Era sábado 11 de abril, con un poco más de peso y de color en el rostro, Marcelo ya estaba en una incubadora, básicamente creciendo y madurando, ya tomaba leche, MI LECHE, gota a gota se nutría de ella, y eso me hacia sentir muy feliz. Platicábamos Edgar y yo con la doctora de guardia de lo bien que veíamos a nuestro bebé, de lo tranquilos que nos sentíamos; ella sólo nos veía, y sus únicas palabras fueron “no se confíen, los bebés prematuros no tienen palabra de honor, hoy están bien, pero mañana la historia puede cambiar”. Y qué razón tenía, justamente al día siguiente Marcelo se enfrentaba a la batalla más grande de su vida, se encontraba entre la vida y la muerte. Una bacteria que salió quién sabe de dónde y se metió quién sabe por dónde, necrozó su intestino, causando una infección generalizada que corrió por todo el torrente sanguíneo, bla, bla, bla…. La vida de mi bebé pendía de un hilo y nadie sabía, ni los doctor mismos, si viviría o moriría. Entendimos entonces las palabras de la doctora de guardia, los bebés prematuras un día están bien, y al día siguiente quién sabe.

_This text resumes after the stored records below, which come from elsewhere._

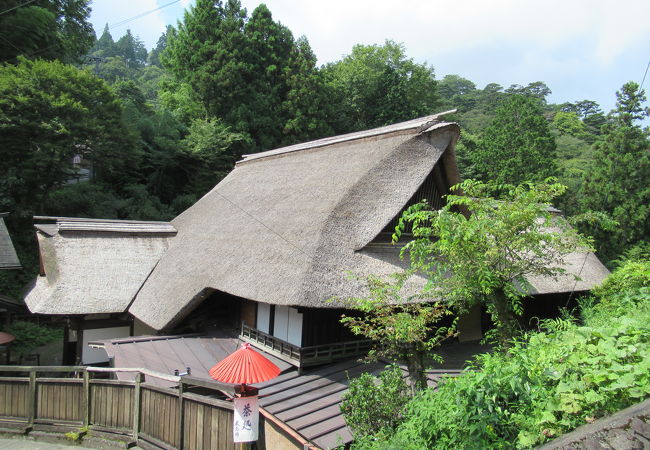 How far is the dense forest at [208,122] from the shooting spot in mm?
17422

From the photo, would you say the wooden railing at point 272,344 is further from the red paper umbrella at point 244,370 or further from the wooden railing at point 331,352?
the red paper umbrella at point 244,370

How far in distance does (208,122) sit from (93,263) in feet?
Result: 52.0

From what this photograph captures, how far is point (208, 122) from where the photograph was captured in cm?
2602

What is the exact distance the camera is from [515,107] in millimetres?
28188

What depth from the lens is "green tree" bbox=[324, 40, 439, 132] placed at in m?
31.3

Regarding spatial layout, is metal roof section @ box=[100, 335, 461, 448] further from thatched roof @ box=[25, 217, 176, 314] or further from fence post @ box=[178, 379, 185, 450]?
thatched roof @ box=[25, 217, 176, 314]

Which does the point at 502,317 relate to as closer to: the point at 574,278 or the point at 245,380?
the point at 245,380

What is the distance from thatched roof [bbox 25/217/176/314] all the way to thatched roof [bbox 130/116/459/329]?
601 mm

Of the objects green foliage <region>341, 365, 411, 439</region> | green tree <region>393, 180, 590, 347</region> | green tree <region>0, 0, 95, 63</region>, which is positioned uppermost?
green tree <region>0, 0, 95, 63</region>

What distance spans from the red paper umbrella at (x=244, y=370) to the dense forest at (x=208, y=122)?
15409mm

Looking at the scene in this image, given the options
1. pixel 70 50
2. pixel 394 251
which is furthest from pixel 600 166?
pixel 70 50

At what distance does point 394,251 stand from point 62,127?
15.3 m

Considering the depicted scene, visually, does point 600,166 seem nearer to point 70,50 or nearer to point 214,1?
point 214,1

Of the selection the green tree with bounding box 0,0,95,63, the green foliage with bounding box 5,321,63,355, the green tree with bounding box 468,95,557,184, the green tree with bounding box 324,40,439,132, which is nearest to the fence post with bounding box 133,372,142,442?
the green foliage with bounding box 5,321,63,355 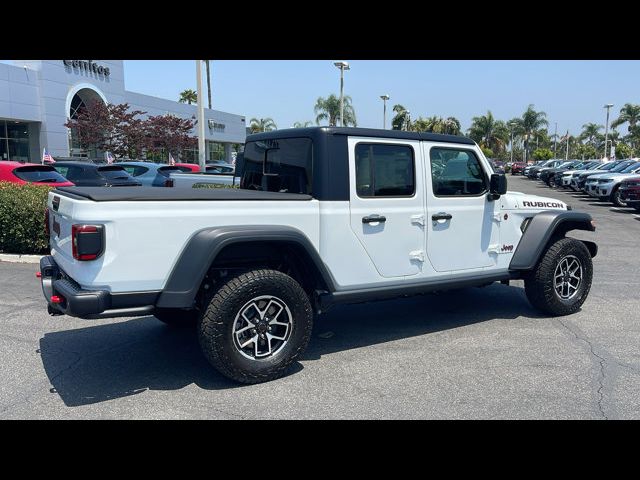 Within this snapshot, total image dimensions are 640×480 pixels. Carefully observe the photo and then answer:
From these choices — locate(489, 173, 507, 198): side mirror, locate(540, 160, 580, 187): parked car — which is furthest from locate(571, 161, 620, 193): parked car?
locate(489, 173, 507, 198): side mirror

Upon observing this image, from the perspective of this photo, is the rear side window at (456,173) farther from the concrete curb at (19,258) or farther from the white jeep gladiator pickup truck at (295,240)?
the concrete curb at (19,258)

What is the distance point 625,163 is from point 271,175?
21.1m

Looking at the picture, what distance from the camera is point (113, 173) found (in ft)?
44.8

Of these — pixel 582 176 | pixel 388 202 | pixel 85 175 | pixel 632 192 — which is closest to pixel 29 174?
pixel 85 175

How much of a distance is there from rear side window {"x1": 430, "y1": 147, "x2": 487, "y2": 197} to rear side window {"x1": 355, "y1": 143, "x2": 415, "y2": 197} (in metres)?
0.30

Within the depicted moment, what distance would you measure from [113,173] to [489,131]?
67864mm

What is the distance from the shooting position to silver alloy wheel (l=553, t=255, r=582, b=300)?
593 cm

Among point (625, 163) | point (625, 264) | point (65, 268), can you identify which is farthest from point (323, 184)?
point (625, 163)

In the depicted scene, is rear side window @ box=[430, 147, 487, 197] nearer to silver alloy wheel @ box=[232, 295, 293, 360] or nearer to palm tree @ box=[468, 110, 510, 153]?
silver alloy wheel @ box=[232, 295, 293, 360]

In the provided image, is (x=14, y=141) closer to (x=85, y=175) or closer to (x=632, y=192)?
(x=85, y=175)

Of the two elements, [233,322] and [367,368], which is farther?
[367,368]

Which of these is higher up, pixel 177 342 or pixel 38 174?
pixel 38 174

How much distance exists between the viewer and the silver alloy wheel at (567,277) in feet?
19.5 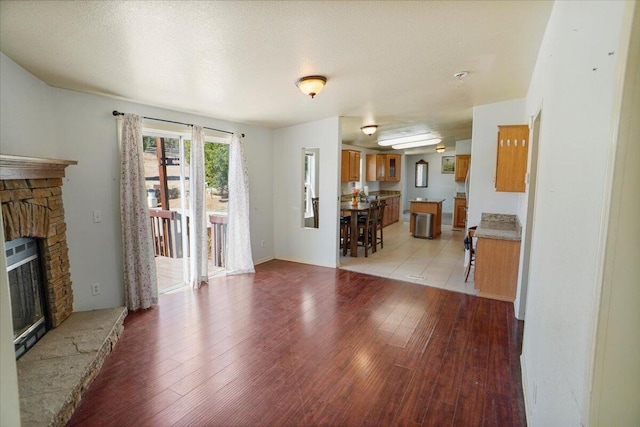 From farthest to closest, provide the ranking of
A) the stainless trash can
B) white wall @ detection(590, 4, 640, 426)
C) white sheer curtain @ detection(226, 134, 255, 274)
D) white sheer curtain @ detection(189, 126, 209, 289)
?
the stainless trash can
white sheer curtain @ detection(226, 134, 255, 274)
white sheer curtain @ detection(189, 126, 209, 289)
white wall @ detection(590, 4, 640, 426)

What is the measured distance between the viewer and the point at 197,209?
425cm

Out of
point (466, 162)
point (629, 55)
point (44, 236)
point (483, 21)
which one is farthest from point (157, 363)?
point (466, 162)

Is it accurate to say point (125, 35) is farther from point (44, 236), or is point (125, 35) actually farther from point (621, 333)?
point (621, 333)

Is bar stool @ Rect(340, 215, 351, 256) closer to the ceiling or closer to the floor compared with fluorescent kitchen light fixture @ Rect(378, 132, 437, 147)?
closer to the floor

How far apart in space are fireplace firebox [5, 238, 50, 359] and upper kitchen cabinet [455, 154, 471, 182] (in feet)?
28.1

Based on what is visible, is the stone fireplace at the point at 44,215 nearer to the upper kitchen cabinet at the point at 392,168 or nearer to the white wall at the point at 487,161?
the white wall at the point at 487,161

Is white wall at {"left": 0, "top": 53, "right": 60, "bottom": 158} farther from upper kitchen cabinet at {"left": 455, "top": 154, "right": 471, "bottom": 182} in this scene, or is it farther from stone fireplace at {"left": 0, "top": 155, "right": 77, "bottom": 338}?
upper kitchen cabinet at {"left": 455, "top": 154, "right": 471, "bottom": 182}

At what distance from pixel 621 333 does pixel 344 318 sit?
9.01 feet

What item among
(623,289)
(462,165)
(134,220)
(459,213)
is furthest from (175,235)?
(459,213)

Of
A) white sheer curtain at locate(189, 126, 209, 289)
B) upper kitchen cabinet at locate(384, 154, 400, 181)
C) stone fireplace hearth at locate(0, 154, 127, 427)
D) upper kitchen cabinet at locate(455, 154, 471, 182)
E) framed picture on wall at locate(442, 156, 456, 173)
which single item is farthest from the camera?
framed picture on wall at locate(442, 156, 456, 173)

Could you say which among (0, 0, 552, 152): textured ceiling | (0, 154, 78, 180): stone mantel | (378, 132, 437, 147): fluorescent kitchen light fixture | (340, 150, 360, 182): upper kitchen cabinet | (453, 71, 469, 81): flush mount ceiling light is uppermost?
(378, 132, 437, 147): fluorescent kitchen light fixture

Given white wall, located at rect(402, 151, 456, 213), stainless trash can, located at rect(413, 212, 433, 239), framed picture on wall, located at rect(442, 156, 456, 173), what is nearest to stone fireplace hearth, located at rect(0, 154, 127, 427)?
stainless trash can, located at rect(413, 212, 433, 239)

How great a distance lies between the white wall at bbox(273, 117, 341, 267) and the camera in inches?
203

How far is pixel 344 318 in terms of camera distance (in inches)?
132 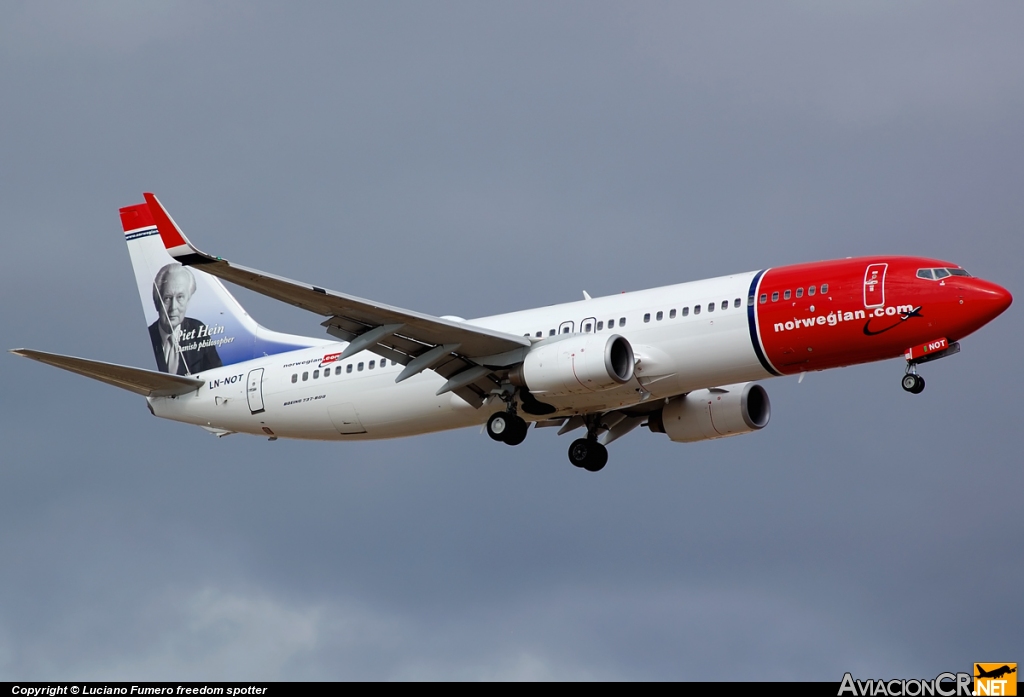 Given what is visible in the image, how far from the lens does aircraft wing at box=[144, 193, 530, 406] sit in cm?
3966

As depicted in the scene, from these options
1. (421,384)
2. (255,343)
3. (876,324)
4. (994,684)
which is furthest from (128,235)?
(994,684)

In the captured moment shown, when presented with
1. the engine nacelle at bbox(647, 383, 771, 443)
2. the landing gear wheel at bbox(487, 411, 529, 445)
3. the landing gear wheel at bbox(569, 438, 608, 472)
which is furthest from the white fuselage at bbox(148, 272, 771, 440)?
the engine nacelle at bbox(647, 383, 771, 443)

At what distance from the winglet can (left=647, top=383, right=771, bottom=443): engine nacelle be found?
53.2 ft

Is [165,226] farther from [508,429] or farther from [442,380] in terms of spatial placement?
[508,429]

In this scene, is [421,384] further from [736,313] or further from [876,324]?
[876,324]

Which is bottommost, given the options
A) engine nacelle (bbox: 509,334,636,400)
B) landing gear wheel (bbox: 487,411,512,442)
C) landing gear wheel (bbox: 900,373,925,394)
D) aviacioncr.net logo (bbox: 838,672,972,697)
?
aviacioncr.net logo (bbox: 838,672,972,697)

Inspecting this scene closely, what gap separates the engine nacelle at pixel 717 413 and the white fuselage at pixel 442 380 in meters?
4.37

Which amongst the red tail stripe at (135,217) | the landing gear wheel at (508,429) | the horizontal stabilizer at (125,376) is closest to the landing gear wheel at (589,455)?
the landing gear wheel at (508,429)

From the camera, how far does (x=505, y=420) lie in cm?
4378

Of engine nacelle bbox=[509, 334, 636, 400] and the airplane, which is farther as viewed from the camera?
engine nacelle bbox=[509, 334, 636, 400]

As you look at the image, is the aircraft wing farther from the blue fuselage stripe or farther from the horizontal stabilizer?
the blue fuselage stripe

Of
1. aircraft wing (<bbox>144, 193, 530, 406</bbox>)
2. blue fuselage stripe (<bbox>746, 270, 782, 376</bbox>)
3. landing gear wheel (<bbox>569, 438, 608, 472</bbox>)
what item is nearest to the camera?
aircraft wing (<bbox>144, 193, 530, 406</bbox>)

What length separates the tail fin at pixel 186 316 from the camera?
50241 millimetres

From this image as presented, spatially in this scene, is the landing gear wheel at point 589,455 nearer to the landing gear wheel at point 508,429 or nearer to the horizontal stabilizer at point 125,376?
the landing gear wheel at point 508,429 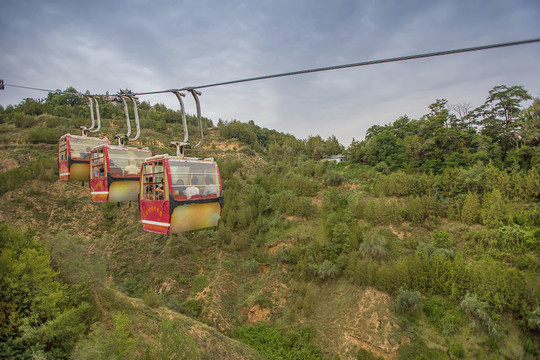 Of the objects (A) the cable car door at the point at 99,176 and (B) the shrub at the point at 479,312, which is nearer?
(A) the cable car door at the point at 99,176

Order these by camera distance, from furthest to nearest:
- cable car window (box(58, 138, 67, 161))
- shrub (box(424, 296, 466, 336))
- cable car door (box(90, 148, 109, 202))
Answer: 1. cable car window (box(58, 138, 67, 161))
2. shrub (box(424, 296, 466, 336))
3. cable car door (box(90, 148, 109, 202))

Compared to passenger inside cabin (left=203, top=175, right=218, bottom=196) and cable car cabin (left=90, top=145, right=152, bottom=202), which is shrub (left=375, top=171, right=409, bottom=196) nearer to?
passenger inside cabin (left=203, top=175, right=218, bottom=196)

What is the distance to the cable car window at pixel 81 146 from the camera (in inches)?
446

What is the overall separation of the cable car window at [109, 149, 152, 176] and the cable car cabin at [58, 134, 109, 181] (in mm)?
1974

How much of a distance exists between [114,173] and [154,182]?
306 centimetres

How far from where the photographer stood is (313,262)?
56.8ft

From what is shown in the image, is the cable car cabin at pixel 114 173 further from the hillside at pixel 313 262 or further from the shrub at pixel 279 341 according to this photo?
the shrub at pixel 279 341

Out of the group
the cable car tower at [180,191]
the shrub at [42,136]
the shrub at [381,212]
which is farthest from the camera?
the shrub at [42,136]

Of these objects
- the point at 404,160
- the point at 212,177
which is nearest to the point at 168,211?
the point at 212,177

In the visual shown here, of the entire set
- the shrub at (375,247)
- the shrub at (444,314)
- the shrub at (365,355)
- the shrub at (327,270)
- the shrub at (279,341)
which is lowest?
the shrub at (279,341)

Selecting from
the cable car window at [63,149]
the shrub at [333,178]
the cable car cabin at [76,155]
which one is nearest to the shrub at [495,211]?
the shrub at [333,178]

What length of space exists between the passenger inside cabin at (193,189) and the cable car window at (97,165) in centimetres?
489

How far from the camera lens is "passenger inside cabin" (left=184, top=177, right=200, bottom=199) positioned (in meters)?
7.17

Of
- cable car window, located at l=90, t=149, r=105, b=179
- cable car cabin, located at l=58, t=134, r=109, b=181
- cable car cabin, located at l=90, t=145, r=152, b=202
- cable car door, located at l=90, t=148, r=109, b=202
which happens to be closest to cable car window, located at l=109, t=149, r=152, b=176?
cable car cabin, located at l=90, t=145, r=152, b=202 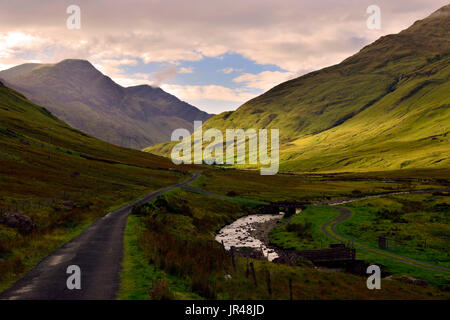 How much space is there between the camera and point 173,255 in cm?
2739

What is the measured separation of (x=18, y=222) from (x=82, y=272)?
18.5 m

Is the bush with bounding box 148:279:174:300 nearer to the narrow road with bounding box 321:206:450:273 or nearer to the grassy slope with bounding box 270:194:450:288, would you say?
A: the grassy slope with bounding box 270:194:450:288

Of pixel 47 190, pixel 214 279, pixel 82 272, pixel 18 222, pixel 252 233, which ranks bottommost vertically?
pixel 252 233

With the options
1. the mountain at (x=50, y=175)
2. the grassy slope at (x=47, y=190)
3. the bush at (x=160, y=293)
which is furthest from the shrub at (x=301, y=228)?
the bush at (x=160, y=293)

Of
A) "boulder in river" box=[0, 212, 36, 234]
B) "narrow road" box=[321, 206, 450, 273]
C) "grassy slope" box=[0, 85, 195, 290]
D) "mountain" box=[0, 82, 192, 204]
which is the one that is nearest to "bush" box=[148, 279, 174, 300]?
"grassy slope" box=[0, 85, 195, 290]

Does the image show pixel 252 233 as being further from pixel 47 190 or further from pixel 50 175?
pixel 50 175

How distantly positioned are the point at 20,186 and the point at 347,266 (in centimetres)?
6130

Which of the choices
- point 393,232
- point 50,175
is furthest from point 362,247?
point 50,175

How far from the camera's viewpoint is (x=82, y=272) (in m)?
22.6

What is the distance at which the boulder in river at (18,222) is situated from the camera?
3567cm

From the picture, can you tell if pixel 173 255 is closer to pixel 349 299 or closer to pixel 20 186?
pixel 349 299

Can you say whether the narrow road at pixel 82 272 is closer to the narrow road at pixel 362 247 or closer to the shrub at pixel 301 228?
the narrow road at pixel 362 247

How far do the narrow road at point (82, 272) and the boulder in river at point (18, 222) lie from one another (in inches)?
215

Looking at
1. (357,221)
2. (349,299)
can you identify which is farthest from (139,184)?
(349,299)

De ahí en adelante la estancia de Marcelo en la UCIN se convirtió en una aventura tras otro, en una batalla tras otra, hasta que después de 3 meses, pudimos llevarlo a casa. Entonces recordé la primer plática que tuvimos con el pediatra, esa en la que nos mencionó uno a uno los riesgos y peligros a los que estaba expuesto un bebé prematuro; si hiciéramos la lista de todos ellos, seguramente Marcelo vivió y superó cada uno.
Sin lugar a dudas, Marcelo, como cualquier bebé prematuro, es un sobreviviente, un luchador, un guerrero, que desde el primer día de su vida no sabe de derrotas, sino de victorias, no sabe de fracasos, sino de ganancias, no sabe lo que es darse por vencido, sólo sabe de entrega y fortaleza, y es así como nos ha contagiado a todos los que estamos a su alrededor, que lo único que hemos hecho ha sido acompañarlo en el camino que le tocó vivir y enfrentar, y hoy, nosotros, sus papás y su familia, lo vivimos y enfrentamos junto con él.